(Items from a dataset)
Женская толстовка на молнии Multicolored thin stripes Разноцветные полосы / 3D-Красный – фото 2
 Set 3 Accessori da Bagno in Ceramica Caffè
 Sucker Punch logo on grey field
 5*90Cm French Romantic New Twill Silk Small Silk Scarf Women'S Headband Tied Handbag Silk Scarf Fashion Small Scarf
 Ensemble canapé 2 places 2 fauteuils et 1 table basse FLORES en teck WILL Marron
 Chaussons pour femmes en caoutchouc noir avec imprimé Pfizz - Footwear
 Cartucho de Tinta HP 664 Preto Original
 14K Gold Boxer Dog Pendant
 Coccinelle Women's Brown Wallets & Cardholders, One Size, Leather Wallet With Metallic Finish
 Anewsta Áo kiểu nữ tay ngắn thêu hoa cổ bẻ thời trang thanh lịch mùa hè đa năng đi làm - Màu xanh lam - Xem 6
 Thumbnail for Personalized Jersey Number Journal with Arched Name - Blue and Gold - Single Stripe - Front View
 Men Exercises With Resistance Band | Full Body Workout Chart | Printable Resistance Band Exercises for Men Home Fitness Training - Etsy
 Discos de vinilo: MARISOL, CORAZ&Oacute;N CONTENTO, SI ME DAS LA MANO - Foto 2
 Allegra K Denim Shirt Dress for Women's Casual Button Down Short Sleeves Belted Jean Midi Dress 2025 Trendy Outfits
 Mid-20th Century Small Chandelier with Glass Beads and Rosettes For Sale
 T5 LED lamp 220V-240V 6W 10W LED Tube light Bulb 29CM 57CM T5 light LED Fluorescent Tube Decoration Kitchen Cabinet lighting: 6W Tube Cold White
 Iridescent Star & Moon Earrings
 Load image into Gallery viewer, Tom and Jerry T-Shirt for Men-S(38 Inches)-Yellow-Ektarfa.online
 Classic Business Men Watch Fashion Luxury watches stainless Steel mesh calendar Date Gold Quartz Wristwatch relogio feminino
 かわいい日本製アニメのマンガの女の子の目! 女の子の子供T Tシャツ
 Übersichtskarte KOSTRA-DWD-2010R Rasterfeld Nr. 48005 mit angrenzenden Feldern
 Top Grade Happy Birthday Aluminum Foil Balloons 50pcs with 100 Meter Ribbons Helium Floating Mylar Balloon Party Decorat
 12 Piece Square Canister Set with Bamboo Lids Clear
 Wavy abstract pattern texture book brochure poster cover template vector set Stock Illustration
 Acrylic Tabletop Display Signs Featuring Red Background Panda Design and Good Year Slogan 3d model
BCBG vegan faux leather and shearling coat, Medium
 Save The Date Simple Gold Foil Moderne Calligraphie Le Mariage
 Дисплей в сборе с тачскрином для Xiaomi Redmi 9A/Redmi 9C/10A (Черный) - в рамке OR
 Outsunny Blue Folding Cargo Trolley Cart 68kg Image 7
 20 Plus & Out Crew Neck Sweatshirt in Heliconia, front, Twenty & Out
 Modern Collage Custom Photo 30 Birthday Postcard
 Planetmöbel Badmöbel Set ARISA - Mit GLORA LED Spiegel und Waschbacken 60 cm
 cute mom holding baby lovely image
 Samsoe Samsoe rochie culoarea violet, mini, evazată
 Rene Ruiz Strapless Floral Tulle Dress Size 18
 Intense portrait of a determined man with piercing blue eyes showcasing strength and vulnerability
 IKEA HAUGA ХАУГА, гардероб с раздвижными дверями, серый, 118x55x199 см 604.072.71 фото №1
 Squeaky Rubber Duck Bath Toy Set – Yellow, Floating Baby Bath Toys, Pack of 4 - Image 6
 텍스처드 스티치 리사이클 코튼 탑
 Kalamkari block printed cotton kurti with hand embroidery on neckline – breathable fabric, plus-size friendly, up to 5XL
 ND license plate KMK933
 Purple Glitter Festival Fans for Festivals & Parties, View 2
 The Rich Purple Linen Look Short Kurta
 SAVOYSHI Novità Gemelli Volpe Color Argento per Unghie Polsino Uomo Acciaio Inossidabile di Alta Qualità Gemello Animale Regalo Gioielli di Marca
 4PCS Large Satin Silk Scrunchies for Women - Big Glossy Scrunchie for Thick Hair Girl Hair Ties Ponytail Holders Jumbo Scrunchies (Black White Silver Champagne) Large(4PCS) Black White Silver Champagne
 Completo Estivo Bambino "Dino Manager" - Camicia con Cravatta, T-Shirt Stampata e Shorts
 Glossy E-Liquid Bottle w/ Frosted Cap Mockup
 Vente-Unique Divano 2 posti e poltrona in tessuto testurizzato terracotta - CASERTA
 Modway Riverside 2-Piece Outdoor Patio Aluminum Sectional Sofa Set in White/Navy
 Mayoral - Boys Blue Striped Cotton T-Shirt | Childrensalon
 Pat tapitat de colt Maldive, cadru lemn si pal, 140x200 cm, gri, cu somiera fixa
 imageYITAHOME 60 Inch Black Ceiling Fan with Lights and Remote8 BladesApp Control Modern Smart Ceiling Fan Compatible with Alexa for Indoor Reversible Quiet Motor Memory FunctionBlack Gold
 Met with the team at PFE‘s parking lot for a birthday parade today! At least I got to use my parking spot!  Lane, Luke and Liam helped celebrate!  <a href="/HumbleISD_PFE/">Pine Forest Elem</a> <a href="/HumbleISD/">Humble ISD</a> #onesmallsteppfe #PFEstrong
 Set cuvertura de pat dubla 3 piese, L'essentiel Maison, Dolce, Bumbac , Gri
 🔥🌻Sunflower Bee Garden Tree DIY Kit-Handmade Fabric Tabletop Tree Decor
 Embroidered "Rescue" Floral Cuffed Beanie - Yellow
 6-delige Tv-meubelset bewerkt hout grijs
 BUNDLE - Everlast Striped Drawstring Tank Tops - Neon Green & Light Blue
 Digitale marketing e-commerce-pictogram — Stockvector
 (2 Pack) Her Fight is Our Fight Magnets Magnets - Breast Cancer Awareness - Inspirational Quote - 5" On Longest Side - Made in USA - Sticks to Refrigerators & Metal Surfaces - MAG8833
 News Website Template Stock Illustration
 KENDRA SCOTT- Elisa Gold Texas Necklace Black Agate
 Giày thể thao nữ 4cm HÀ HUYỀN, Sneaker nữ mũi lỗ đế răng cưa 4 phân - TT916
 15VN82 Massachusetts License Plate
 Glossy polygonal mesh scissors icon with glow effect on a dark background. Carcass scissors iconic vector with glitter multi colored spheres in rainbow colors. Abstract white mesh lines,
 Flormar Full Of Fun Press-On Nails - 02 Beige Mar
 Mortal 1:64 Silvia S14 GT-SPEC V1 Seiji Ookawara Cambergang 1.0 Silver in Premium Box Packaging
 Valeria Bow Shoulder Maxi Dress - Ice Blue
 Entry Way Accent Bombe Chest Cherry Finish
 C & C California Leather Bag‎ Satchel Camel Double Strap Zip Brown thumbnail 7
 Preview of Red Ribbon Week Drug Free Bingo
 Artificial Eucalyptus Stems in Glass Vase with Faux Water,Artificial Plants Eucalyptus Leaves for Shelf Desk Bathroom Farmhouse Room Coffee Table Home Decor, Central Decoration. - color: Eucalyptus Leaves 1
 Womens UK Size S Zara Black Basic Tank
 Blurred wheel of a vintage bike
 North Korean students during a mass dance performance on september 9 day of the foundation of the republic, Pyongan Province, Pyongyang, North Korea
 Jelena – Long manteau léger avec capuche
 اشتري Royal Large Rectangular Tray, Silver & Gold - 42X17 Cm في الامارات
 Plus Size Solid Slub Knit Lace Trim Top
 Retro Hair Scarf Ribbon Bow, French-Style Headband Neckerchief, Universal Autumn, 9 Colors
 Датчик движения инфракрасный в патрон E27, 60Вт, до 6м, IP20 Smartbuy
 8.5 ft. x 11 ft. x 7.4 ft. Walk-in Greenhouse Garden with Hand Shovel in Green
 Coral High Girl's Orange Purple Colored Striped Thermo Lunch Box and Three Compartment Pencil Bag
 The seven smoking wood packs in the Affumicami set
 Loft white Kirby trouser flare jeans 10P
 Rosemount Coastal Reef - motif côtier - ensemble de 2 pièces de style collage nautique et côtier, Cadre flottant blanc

= WORK TASK =
Search the data above for the word "Yellow" and count the lines where it appears. Only the number should be given.

= RESPONSE AREA =
3